**RECORD EXTRACTS:**
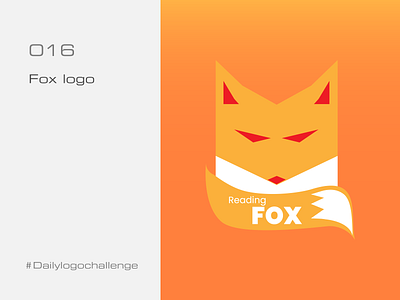 Fox Logo D16 animal branding fox illustration logo orange social media vector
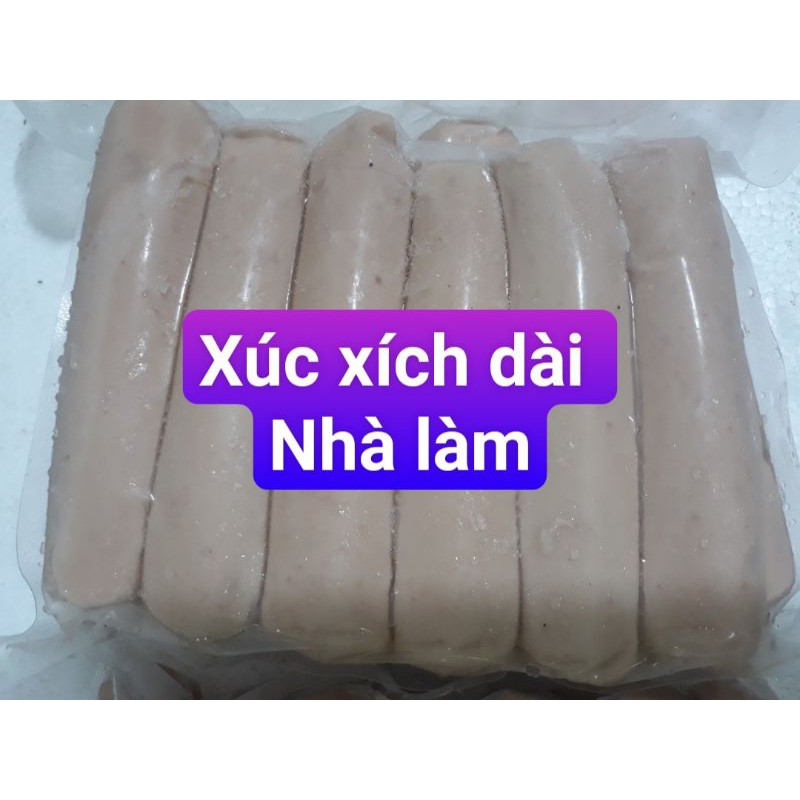 xúc xích dài nhà làm không chất bảo quản 500GR❤CHỈ SHIP HÀ NỘI HỎA TỐC❤ Xúc xích KHÔNG TINH BỘT, KHÔNG ĐƯỜNG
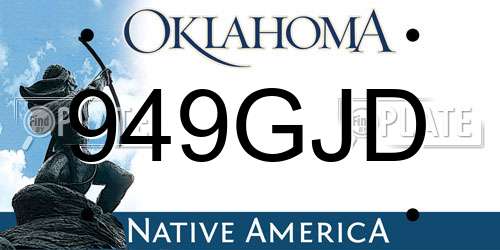 949GJD Oklahoma License Plate
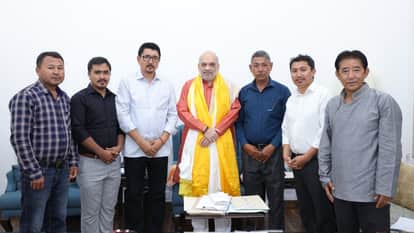 BJP Ladakh delegation calls on Union HM amit shah
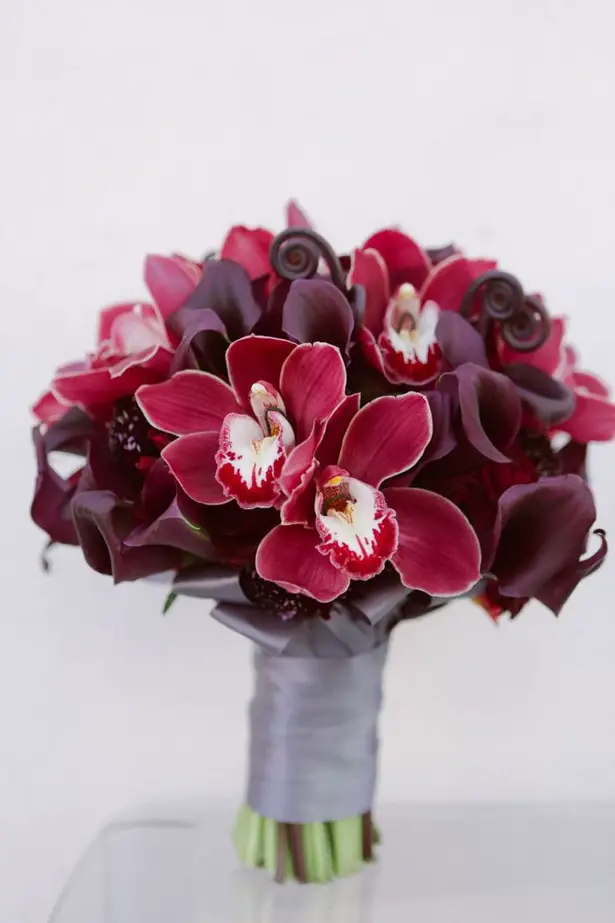 Stunning Marsala Wedding Bouquet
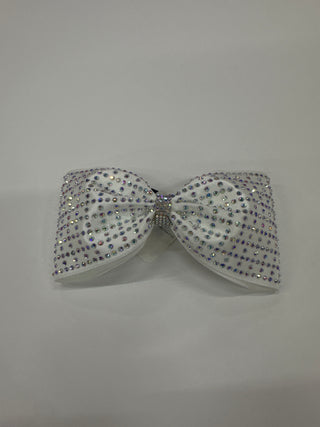 Gridlocked Satin Tailless Bling Bow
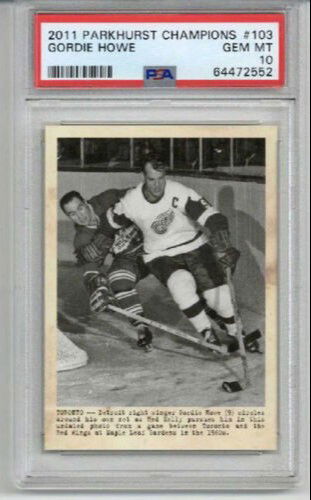 2011 PARKHURST CHAMPIONS #103 GORDIE HOWE CARD RED WINGS PSA 10 LOW POP RARE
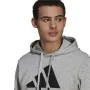 Men’s Hoodie Adidas Essentials Fleece Big Logo Grey by Adidas, Men - Ref: S6488181, Price: 42,60 €, Discount: %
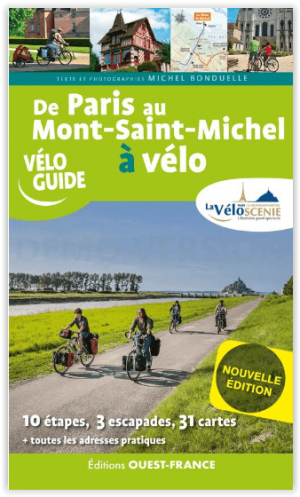 Fietsgids Paris au Mont-Saint-Michel à vélo - Ed. Ouest France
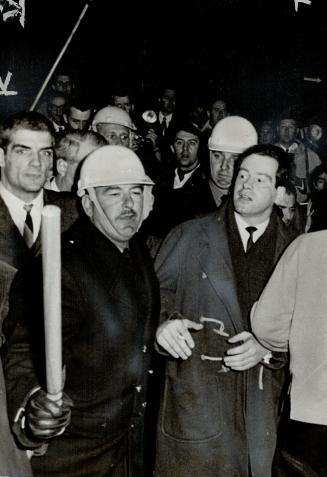 Bourgault and Police, During the Queen's visit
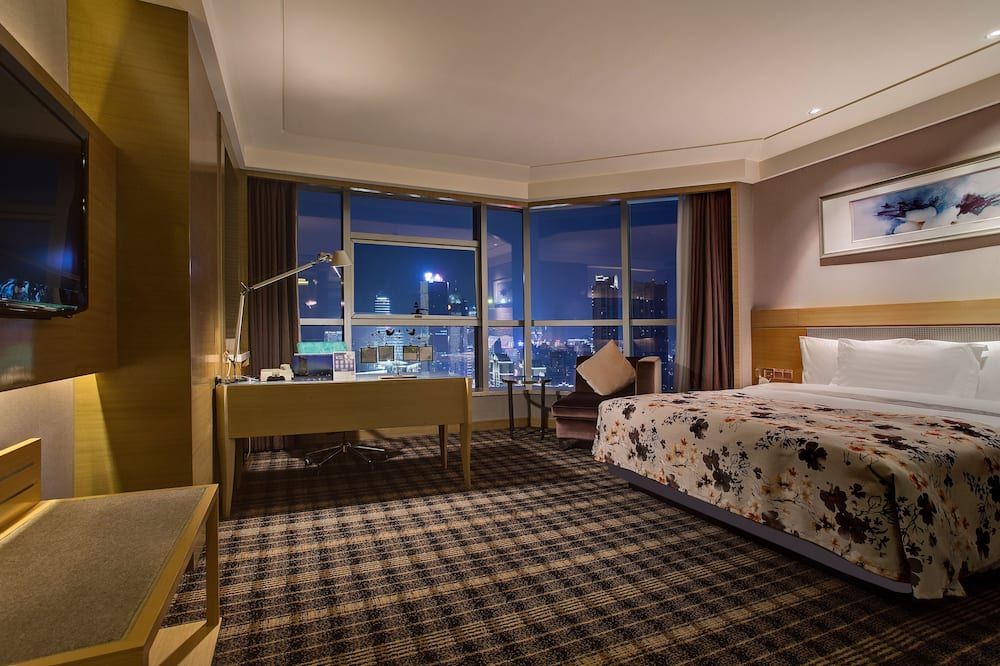 جراند منور إنترناشيونال هوتل نانتشانج - نانتشانغ - غرفة نوم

**INSTRUCTIONS TO FOLLOW:**
Retype the listing exactly and drop the pictures.

**RESULT:**
 Fox Logo D16 animal branding fox illustration logo orange social media vector
 xúc xích dài nhà làm không chất bảo quản 500GR❤CHỈ SHIP HÀ NỘI HỎA TỐC❤ Xúc xích KHÔNG TINH BỘT, KHÔNG ĐƯỜNG
 949GJD Oklahoma License Plate
 BJP Ladakh delegation calls on Union HM amit shah
 Stunning Marsala Wedding Bouquet
 Gridlocked Satin Tailless Bling Bow
 2011 PARKHURST CHAMPIONS #103 GORDIE HOWE CARD RED WINGS PSA 10 LOW POP RARE
 Men’s Hoodie Adidas Essentials Fleece Big Logo Grey by Adidas, Men - Ref: S6488181, Price: 42,60 €, Discount: %
 Fietsgids Paris au Mont-Saint-Michel à vélo - Ed. Ouest France
 Bourgault and Police, During the Queen's visit
 جراند منور إنترناشيونال هوتل نانتشانج - نانتشانغ - غرفة نوم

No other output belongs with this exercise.